Anche Fini dà il benservito a Fazio

Il vicepremier: «Se non fa il primo passo, tocca all’esecutivo intervenire». Una soluzione politica che piace alla Lega

Antonio Signorini

da Roma

«Condivido la necessità di un’iniziativa del governo per porre rimedio a una situazione paradossale perché credo che Fazio dovrebbe avere la sensibilità di dimettersi», scandisce Gianfranco Fini. Il nuovo affondo del governo, questa volta firmato dal vicepremier e ministro degli Esteri, è arrivato all’inizio di un sabato di lavoro per il governatore di Bankitalia e anche per l’esecutivo. Fazio ha passato parte della giornata prefestiva a Palazzo Koch mentre Fini ha avuto contatti con il premier Silvio Berlusconi e anche con il ministro dell’Economia Giulio Tremonti, regista di quella soluzione governativa che, per il momento, resta la via d’uscita più probabile.
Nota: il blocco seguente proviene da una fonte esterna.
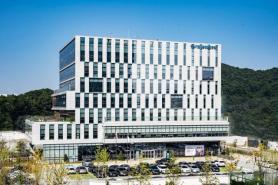 TIPA, Ace Bed, SEMAS and Kiturami Announce Sales, Safety and Product Initiatives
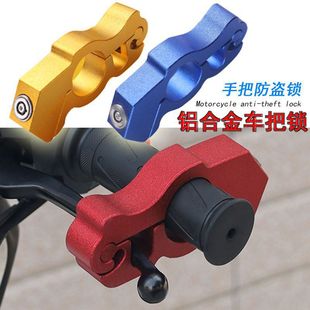 늄�܇�X�Ͻ��ְѷ��I�i�^Ħ��܇�i̤��܇����܇���^�x܇��ţ���i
Perché, come ha ricordato Fini, tutto dipende da Fazio: se non farà il primo passo, dovranno essere «il governo e il Parlamento a decidere di conseguenza».
Lo strumento potrebbe essere la norma transitoria, da varare insieme alle nuove regole sul risparmio, confermato ieri dal sottosegretario all’Economia Maria Teresa Armosino. La soluzione politica al nodo Bankitalia è condivisa, con qualche prudenza, anche dalla Lega. Dopo il «Fazio ormai non c’è più» pronunciato da Umberto Bossi, il ministro leghista al Welfare Roberto Maroni ha speso parole più prudenti: «Il governo non può licenziare il governatore. Bankitalia ha la sua autonomia». Maroni ha comunque assicurato l’appoggio del Carroccio a Tremonti. Una voce parzialmente critica è quella del ministro alla Funzione pubblica Mario Baccini che auspica una scelta presa «con lucidità», ma riconosce la necessità che del caso Fazio se ne occupi il Consiglio dei ministri, magari - sottolinea - «tenendo conto dell’Istituzione».
Il governo, quindi, affronterà la situazione già da martedì. Ma per i passi successivi è inevitabile il coinvolgimento delle opposizioni. Anche perché, nonostante i due schieramenti abbiano idee tutto sommato simili sulla vicenda, nella maggioranza c’è anche chi teme un inasprimento dei toni in coincidenza con l’avvicinarsi del voto. La campagna elettorale potrebbe essere raggiunta da «schizzi di fango», avverte il segretario dell'Udc Lorenzo Cesa sottolineando come non ci si trovi di fronte a una «una nuova Tangentopoli». L’accordo della sinistra, almeno sul destino del governatore, è provato dalle parole di Romano Prodi: «Dovrebbe dimettersi. Io lo dico da agosto».
Un attacco duro e diretto al governatore arriva da Mario Monti, ex Commissario europeo e uno dei nomi sempre presenti nel toto nomine per la successione. In un’intervista il presidente dell’Università Bocconi ha accusato in primo luogo la politica, succube di Bankitalia, poi il governatore, in quanto depositario di tutte le decisioni prese dall’istituto: «Da tempo teneva comportamenti che dal punto di vista dello stile di un’autorità di vigilanza apparivano bizzarri». È mancata anche la reazione della politica - spiega Monti - forse perché «pezzi del Parlamento, pezzi di forze politiche avevano un interesse forse non puramente intellettuale e di convincimento intimo a tutelare il conservatorismo di certi aspetti e a non incidere di più dal punto di vista delle riforme». Monti salva l’istituzione: «Sarebbe una colpa della struttura se la Banca d’Italia fosse stata governata nella collegialità. Ma la Banca d’Italia, per suo statuto, è governata da una persona: il governatore. Precedenti governatori hanno dato un taglio e uno stile diverso. Mi limito a ricordare il predecessore di Antonio Fazio, Carlo Azeglio Ciampi».
Ieri dalla Banca d’Italia non sono arrivati segnali. Fazio, come era successo anche nei precedenti episodi, ha lavorato alla sua difesa. Cercherà di fare fronte all’imminente offensiva del governo e anche alle obiezioni che potrebbero arrivare dalla Banca centrale europea.

Più difficile che qualche brutta sorpresa arrivi dal Consiglio superiore della Banca d’Italia che si riunirà martedì in via ordinaria. Nell’unico organismo che potrebbe realmente rimuovere Fazio serpeggia malumore, ma la maggioranza dei consiglieri resta saldamente pro-governatore.